Over on Twitter, I’ve become a fan of Lee Jackson, keeper of The Cat’s Meat Shop blog, and curator of all obscure knowledge about Victorian London. His blog is a delightful lucky-dip of photos, facts, mini-essays and mind-boggling extracts from contemporary sources. (A recent favourite being a guide to office etiquette, 1909, deploring the existence of ‘slangy girls’ who ‘prink’ in the office.)
No-one who follows Lee Jackson can miss his, um, diligent approach to publicising his publications on Twitter. Which is why, on unexpectedly becoming the curator of an i-Pad, his Victorian murder mystery, The Diary of a Murder, was one of my first digital down-loads via Amazon’s Kindle app.
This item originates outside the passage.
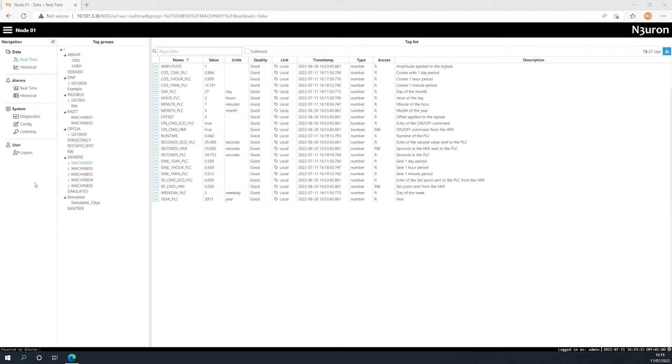Due to the fact that version 1.21 includes a considerable modification when it comes to managing users and roles, upgrading from a previous version will automatically override all users previously configured for the Web UI and Web Vision. This means that you will be required to recreate them.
It’s a romp of a book, rich with period detail and rooted firmly in place and time. He takes us unfailingly through the streets of Islington, the City, and into the East End, in his story of a hapless Victorian clerk struggling with ne’er-do-well father, overbearing mother-in-law and delicate ‘wifey’.
It would be criminal to even hint at the decently-unexpected ending, which had me checking back through the pages to make sure he hadn’t ‘cheated’. It was, though, an unexpected pleasure, an introduction to an author I’d probably never have discovered without Twitter, digital readers and the like.
Now that I’ve completed the first draft of my own novel, I’m contemplating my publication options while working on the first edit. Carol Blake, agent and author of From Pitch to Publication, warned against electronic self-publishing in her talk at the Soho Literary Festival. In the latest issue of Mslexia, one author exults in the control that ‘doing it herself’ gave her.
So should I take the plunge and publish myself, or go down the conventional route? I’ve yet to decide. And anyway, there’s an awful lot more editing to do yet. Any advice welcome!